From Wednesday's Globe and Mail

Austin, Texas — An hour before the world premiere of Go Further, which opened the annual SXSW film festival and conference last Friday night, Toronto filmmaker Ron Mann orders a shot of wheat grass at a juice bar across from the Paramount. Fortified, he crosses Congress Avenue and surveys the hundreds of people waiting outside the vintage theatre.

Mann has been attending SXSW (South by Southwest) for five years running. His Genie-winning documentary, Grass, was the cause célèbre here in 2000. He is a familiar face on panels and juries, an expected guest at parties. And in moments, he will introduce his latest documentary, accompanied on-stage by an even more familiar face: the actor, Grass narrator and committed eco-activist, Woody Harrelson, whose Simple Organic Living (SOL) speaking tour, from Washington State down the West Coast in the spring of 2001, provided the storytelling spine of Go Further.

The movie opens with Harrelson wrapping up his stint on the sitcom Will & Grace and inviting production assistant Steve Clark, a junk-food-loving jokester and the film's Everyman, to join the tour.

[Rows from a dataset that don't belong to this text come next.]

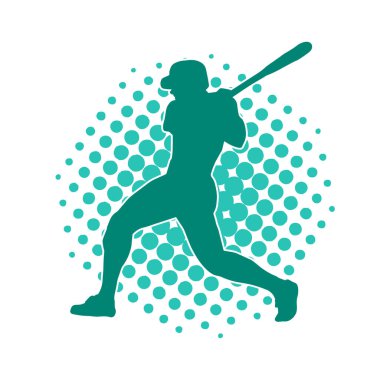 Hareketli bir erkek beyzbol oyuncusunun silueti. Vurucu olarak beyzbol oynayan bir adamın silueti..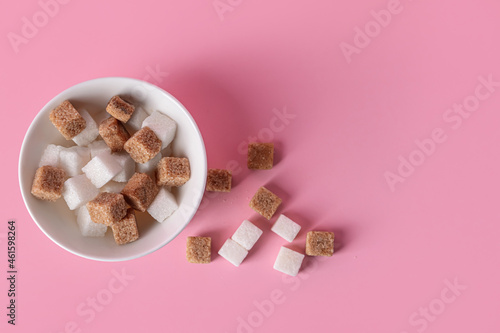 Bowl with sweet sugar on co...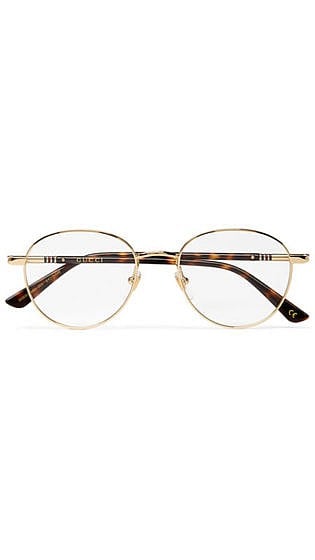 Gucci Round Frame Gold Tone And Tortoiseshell Acetate Optical Glasses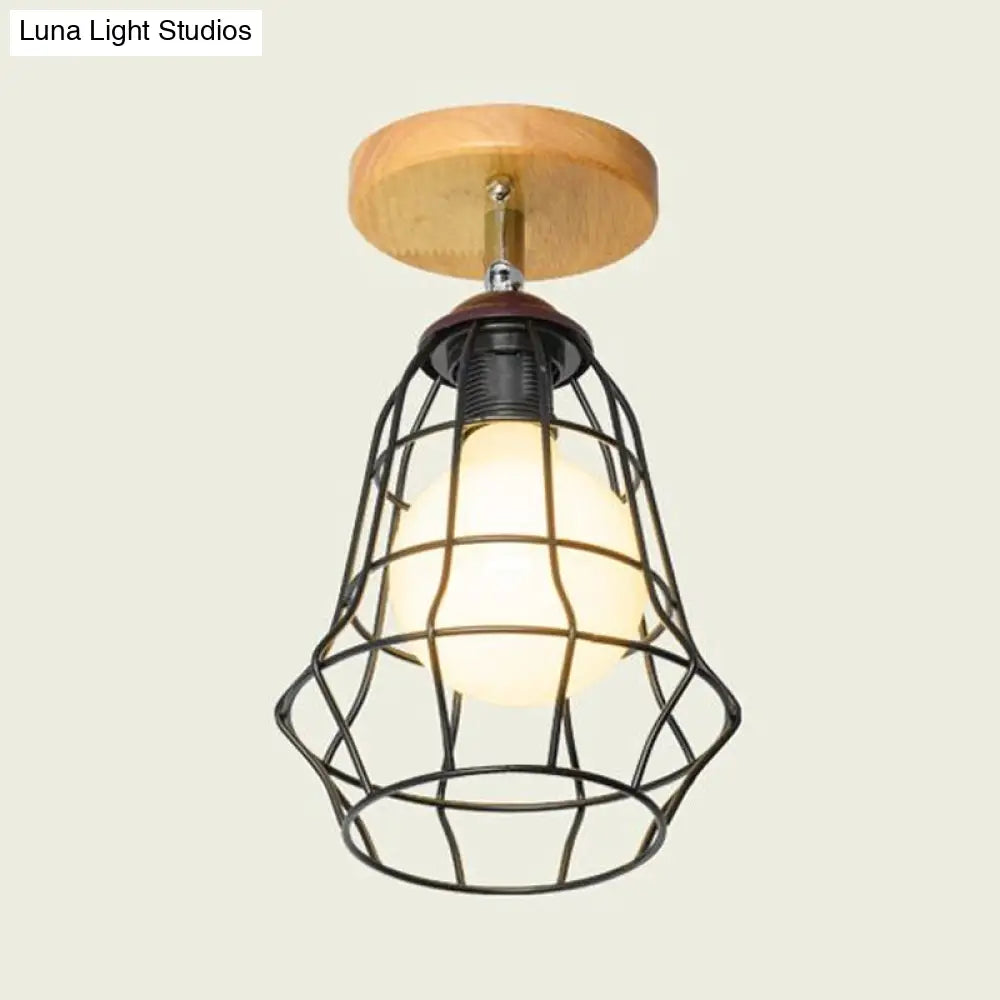 DecorBites™ DecorBites™ Retro Industrial Metal Semi Flush Light: Mini Triangle/Urn Design with Wire Guard - 1 Head Bedroom Ceiling Fixture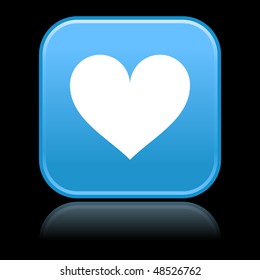 Matted blue rounded squares buttons with heart symbol and reflection on black background
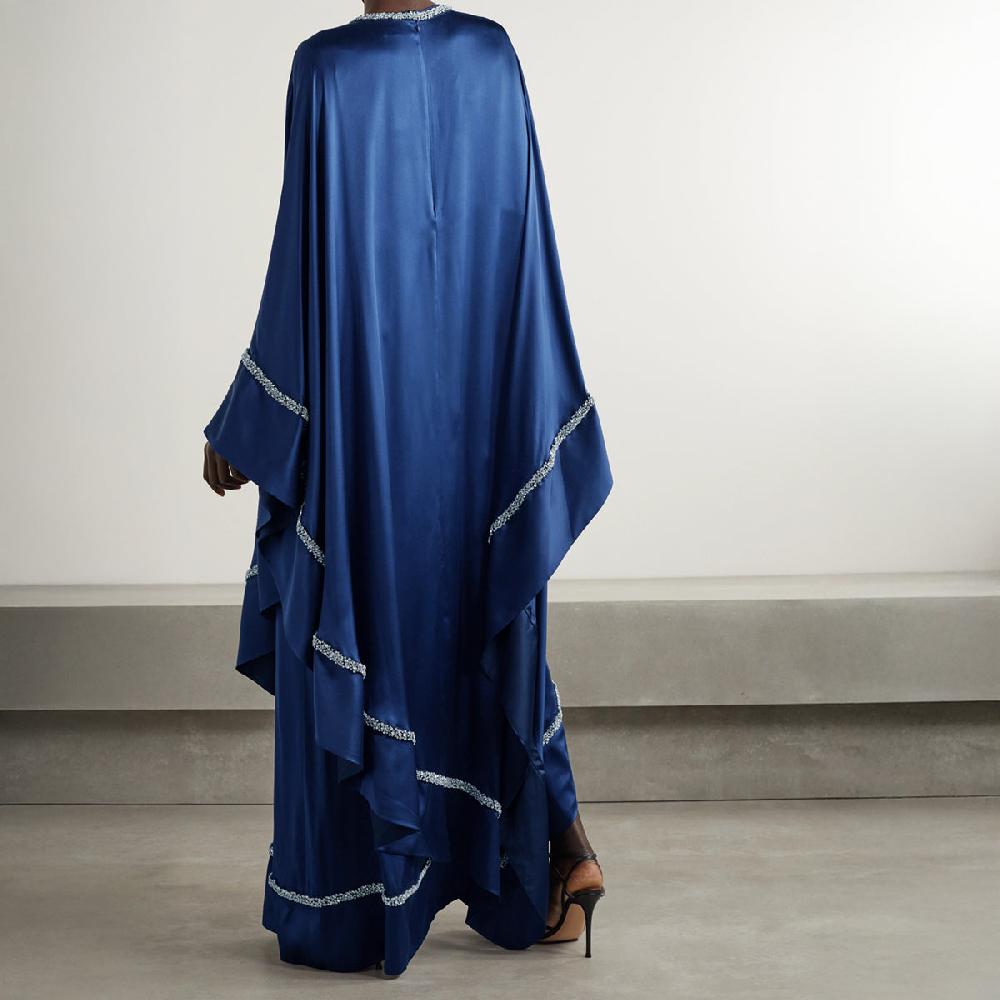 Semsem Crystal Embellished Silk Kaftan-Navy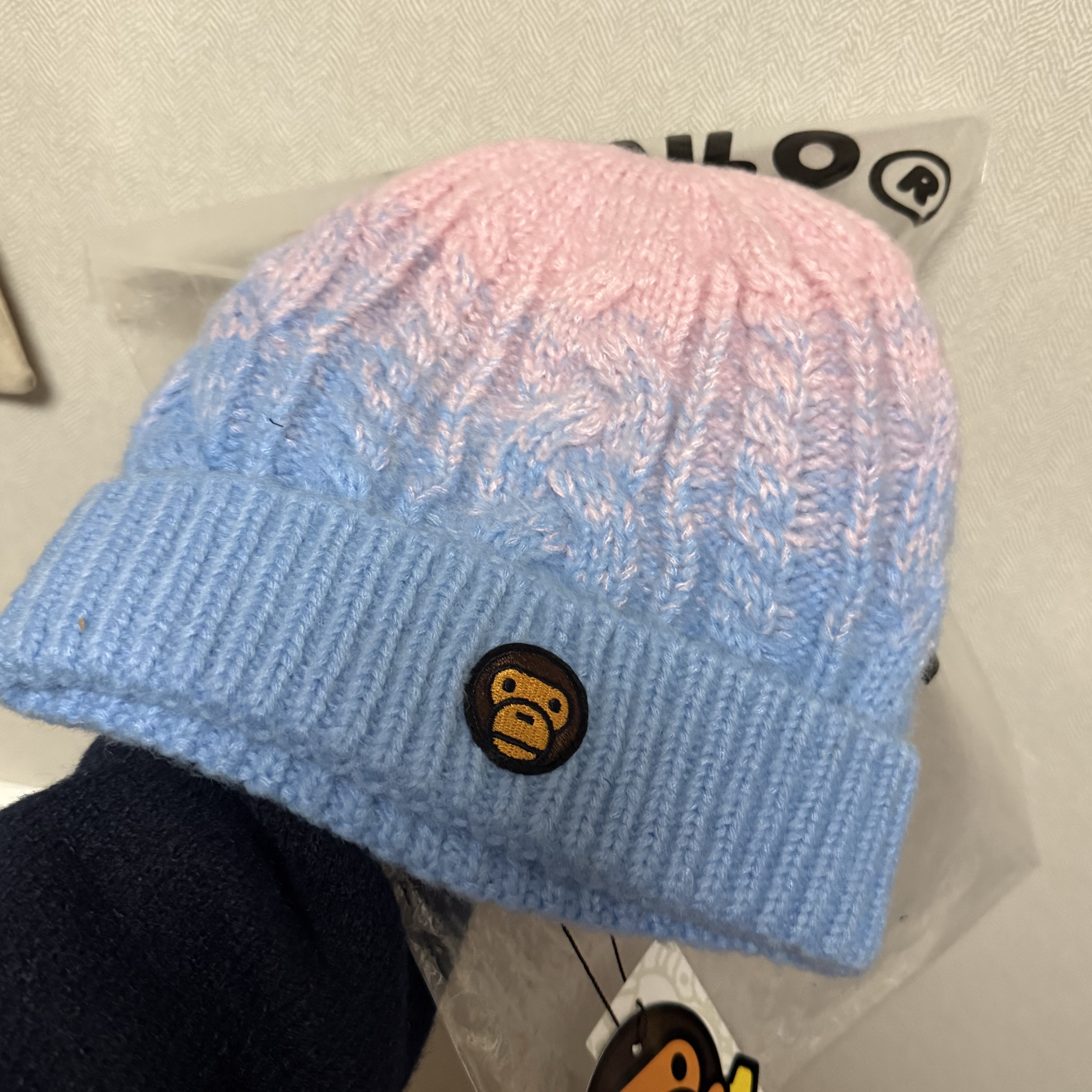 BAPE Baby Milo Knit Cap Pink 착용 스타일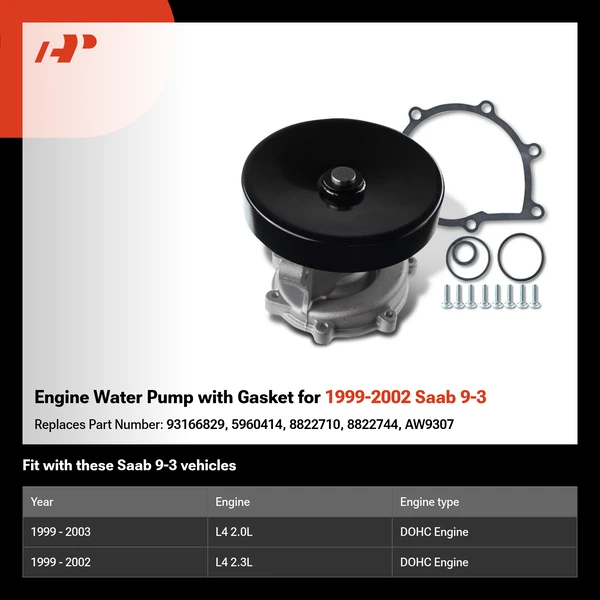 Engine Water Pump with Gasket for 1999-2002 Saab 9-3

Part of the fun is Clark's "awakening" to Harrelson's message of "how to live with a light footprint on the planet," as a small tribe -- that includes a pro-hemp activist, a raw-food chef, a yoga instructor and two activist lawyers -- proceed on bicycles, followed by a hemp-fuelled bus.

Harrelson stops to talk to students, while Clark battles food cravings, feeds seaweed snacks to aerosol-fume-inhaling teenagers and entices a fetching female college student to join the tour.

By the end, Clark is grabbing a bullhorn to holler the catchy slogan: "Say no to corn dogs." Along the way, the posse receives the blessing of 1960s counterculture legend Ken Kesey (who died soon after) and visits a solar-living centre, a man called Earthquake (who makes organic fertilizer from his worm ranch) and a training camp for Ruckus, an organization that promotes the use of humour in non-violent protests.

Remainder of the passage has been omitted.